_TRY IT_
Your copy of the data below must be exact and must leave out all pictures.

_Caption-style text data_
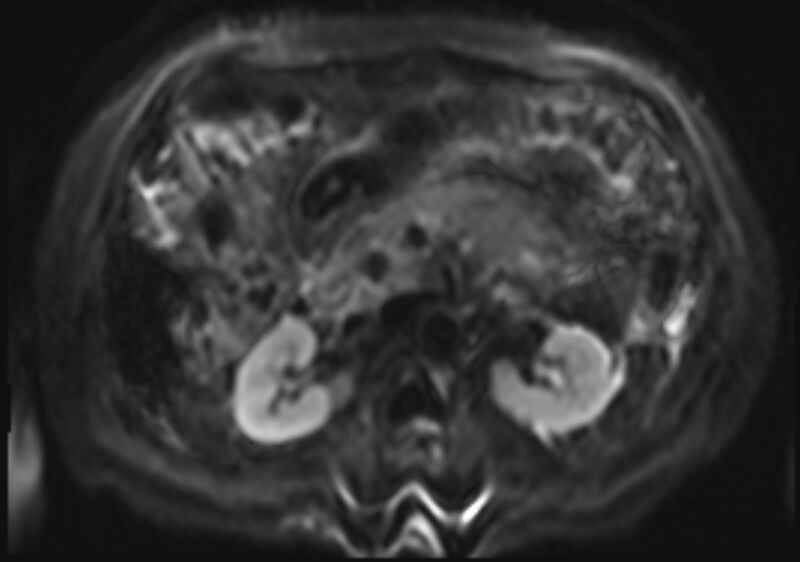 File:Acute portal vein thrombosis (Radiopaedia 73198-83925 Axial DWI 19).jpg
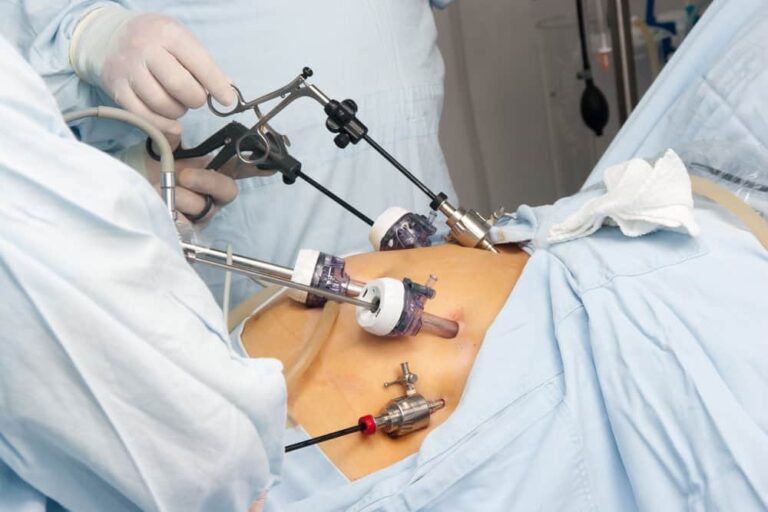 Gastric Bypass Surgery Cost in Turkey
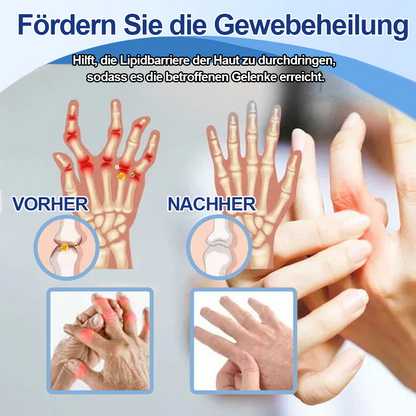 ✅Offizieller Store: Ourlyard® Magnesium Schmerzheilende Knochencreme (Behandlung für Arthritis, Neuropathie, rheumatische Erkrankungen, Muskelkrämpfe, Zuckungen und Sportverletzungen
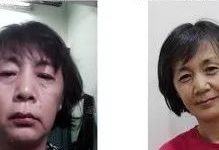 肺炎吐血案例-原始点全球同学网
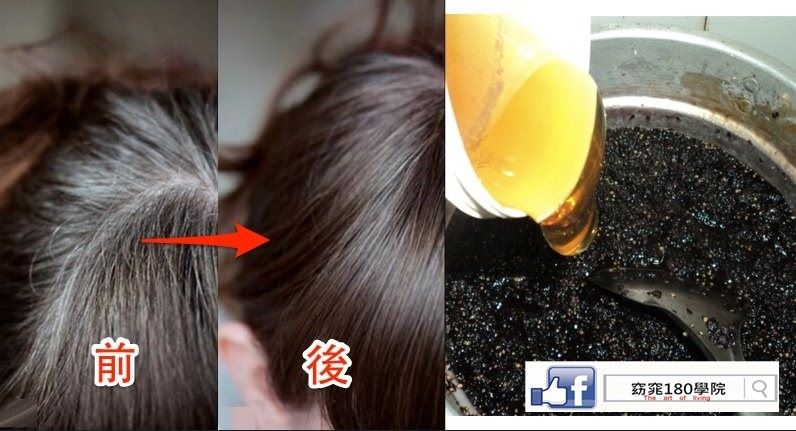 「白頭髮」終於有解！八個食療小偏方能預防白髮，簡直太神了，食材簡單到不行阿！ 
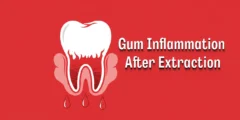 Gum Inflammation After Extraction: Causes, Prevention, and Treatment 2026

_TASK RESPONSE_
 File:Acute portal vein thrombosis (Radiopaedia 73198-83925 Axial DWI 19).jpg
 Gastric Bypass Surgery Cost in Turkey
 ✅Offizieller Store: Ourlyard® Magnesium Schmerzheilende Knochencreme (Behandlung für Arthritis, Neuropathie, rheumatische Erkrankungen, Muskelkrämpfe, Zuckungen und Sportverletzungen
 肺炎吐血案例-原始点全球同学网
 「白頭髮」終於有解！八個食療小偏方能預防白髮，簡直太神了，食材簡單到不行阿！ 
 Gum Inflammation After Extraction: Causes, Prevention, and Treatment 2026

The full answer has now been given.